Ein Naturbursch, der alle Maßstäbe sprengt

Nur Brünnhilde, die ist es, die Siegfried dann erschreckt. Zumindest von der Story – stimmlich ist Andreas Schager in Hochform. Als Siegfried, da kann er Gas geben, da kann er protzen, zeigen, was für ein Naturbursch in ihm steckt. Rund dreieinhalb Stunden sind vergangen, da kniet er nun am Walkürenfelsen, vor seiner Tante – ohne es zu wissen. Ja, der nächste Inzest bahnt sich an. Und donnert im finalen Liebesduett, als gäb’s nichts Leichteres.

Dabei hat er schon einiges hinter sich. Die „Schmiedelieder“ im 1. Aufzug, die Begegnung mit dem Wanderer im 3. Aufzug – alles zentrale Härtetests, die einen Heldentenor wirklich fordern. Schagers Stimme läuft wie geschmiert, im gewohnten Timbre, samt markantem „R“. Konträr dazu die lyrischen Szenen, die Schager plötzlich beherrscht wie nie zuvor. In der „Walküre“ hat er’s schon bewiesen, nun im 2. Aufzug „Siegfried“: weich, erzählerisch, fast träumerisch die „Waldweben-Szene“. Kein Wunder also, dass Schager das alles dann genießt. Nach jedem Akt, nach jedem Vorhang, vor den er tritt: ein Bad in der jubelnden Menge, Hände nach oben, breites Grinsen im Gesicht.

Anja Kampe mit Drahtseilakt

Brünnhilde kann da nicht ganz mithalten. Nach all dem Lob, das Anja Kampe in der „Walküre“ widerfahren ist – das Liebesduett stellt sie vor eine Härteprobe. Da sitzt nicht jeder Ton, die Höhen etwas dünn, teils schrill statt Ekstase. Der Auftritt in „Siegfried“ ist viel kürzer, rund 25 Minuten, aber: die Tessitura höher angesetzt, mit dramatischeren Ausbrüchen.

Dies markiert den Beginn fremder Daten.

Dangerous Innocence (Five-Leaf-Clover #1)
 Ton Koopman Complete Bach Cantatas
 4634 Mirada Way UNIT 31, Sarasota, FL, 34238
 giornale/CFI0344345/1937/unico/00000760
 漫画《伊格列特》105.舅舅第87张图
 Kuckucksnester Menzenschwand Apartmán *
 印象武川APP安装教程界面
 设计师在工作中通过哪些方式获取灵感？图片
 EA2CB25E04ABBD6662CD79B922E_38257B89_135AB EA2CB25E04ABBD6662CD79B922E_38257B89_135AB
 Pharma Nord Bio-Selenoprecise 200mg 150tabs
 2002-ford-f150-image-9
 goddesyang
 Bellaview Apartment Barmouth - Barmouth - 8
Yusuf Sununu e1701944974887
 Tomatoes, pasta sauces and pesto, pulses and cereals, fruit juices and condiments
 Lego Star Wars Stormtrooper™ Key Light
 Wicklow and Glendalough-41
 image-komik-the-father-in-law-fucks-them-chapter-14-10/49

© Michael Pöhn/Wiener Staatsoper
Iain Paterson am Limit

Ganz im Gegensatz zu Wotan wiederum, um das klarzustellen: Der hat als Wanderer in „Siegfried“ einiges zu leisten. Jeder spricht so gern vom Walküren-Wotan, dem großen Monolog, der Abschiedsszene. Kaum jemand erwähnt die Höchstleistungen, die der Wanderer vollbringt. Mehr Tiefgang, weniger Gelegenheit, um sich „hochzusingen“, die Stimme durch die Registerwechsel zu schmieren – schon gar nicht im ersten Akt: der „Rätselszene“, die Mime hinters Licht führen sollen. Das ist die große Herausforderung für jeden Bassbariton. Daran hat sich Iain Paterson heute die Zähne ausgebissen.

© Michael Pöhn/Wiener Staatsoper

Philippe Jordan teilt das Schicksal nicht. ABER: Das Dirigat ist schwer zu beurteilen. „Siegfried“ war nie mein Lieblingskind – orchestral zu viel Stückwerk, zu wenig Melodie zum Festhalten. Solide, aber nichts was jetzt vom Hocker reißt.

Die Inszenierung – auf den ersten Blick blass. Auf den zweiten: ziemlich clever. Vieles bleibt angedeutet, manches blitzt im Detail auf. Etwa der Bär, der nicht auf der Bühne brüllt, aber als Projektion an der Rückwand. Richard Wagner hat den ausdrücklich im Libretto erwähnt. Real, wollte er den sogar haben, als lebendes Tier. Spielt’s natürlich nicht, heute noch weniger als damals.